## Assignment
Reproduce all of the records word for word, omitting the pictures.

[Caption-style text data]
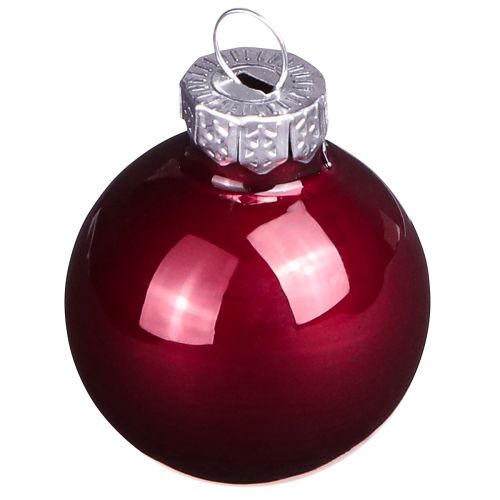 Article Boules en verre Noël en mélange Bordeaux Ø3cm 22 pcs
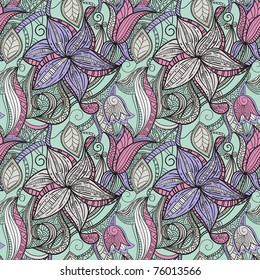 vector seamless hand drawn floral pattern, clipping masks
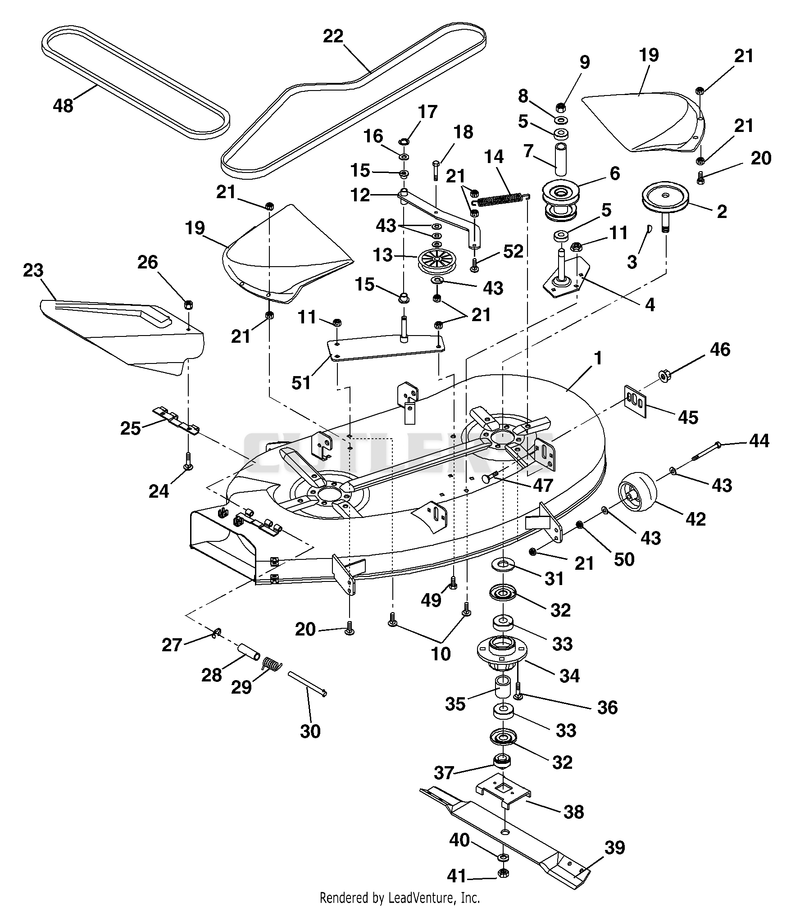 40" Mower Deck, Belts And Blades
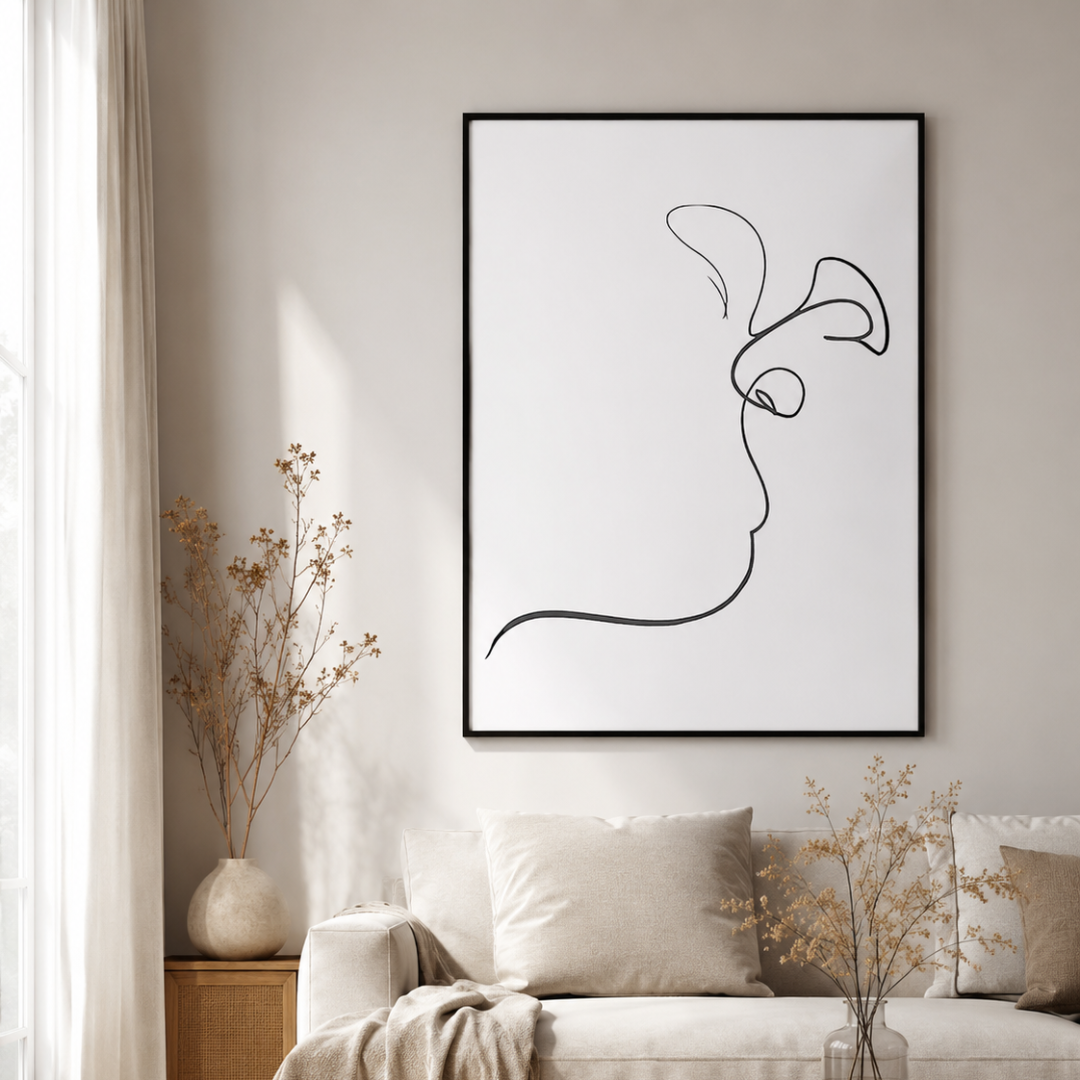 Mind in Motion Abstract Face Line Art Canvas Print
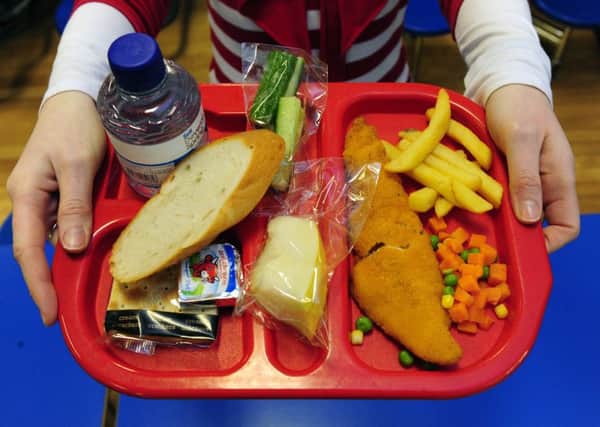 An image iof a school meal in  Uphall Primary School, West Lothian. Pic: Ian Rutherford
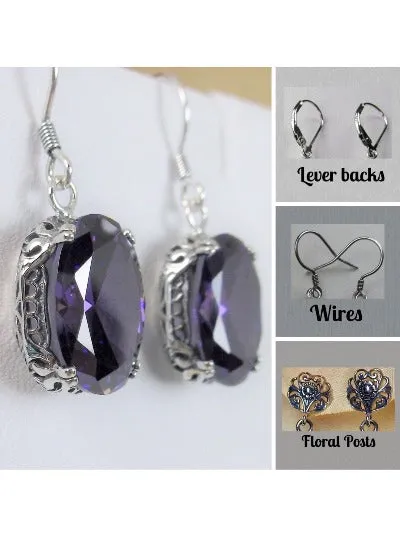 E70, Edward Earrings, Choice of Gemstones, Edwardian Jewelry #E70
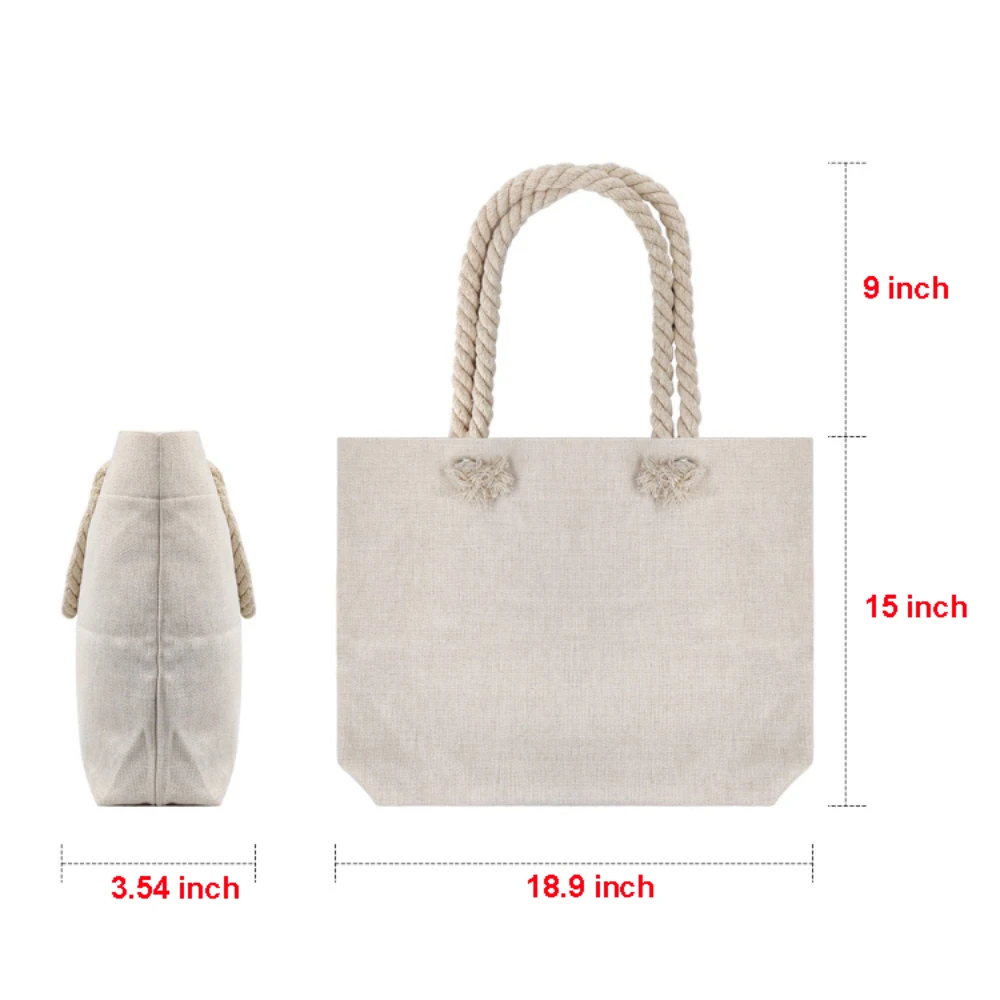 5pcs Pack Blank Sublimation Linen Beach Tote Bag With Rope Handle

## Exercise response
 Article Boules en verre Noël en mélange Bordeaux Ø3cm 22 pcs
 vector seamless hand drawn floral pattern, clipping masks
 40" Mower Deck, Belts And Blades
 Mind in Motion Abstract Face Line Art Canvas Print
 An image iof a school meal in  Uphall Primary School, West Lothian. Pic: Ian Rutherford
 E70, Edward Earrings, Choice of Gemstones, Edwardian Jewelry #E70
 5pcs Pack Blank Sublimation Linen Beach Tote Bag With Rope Handle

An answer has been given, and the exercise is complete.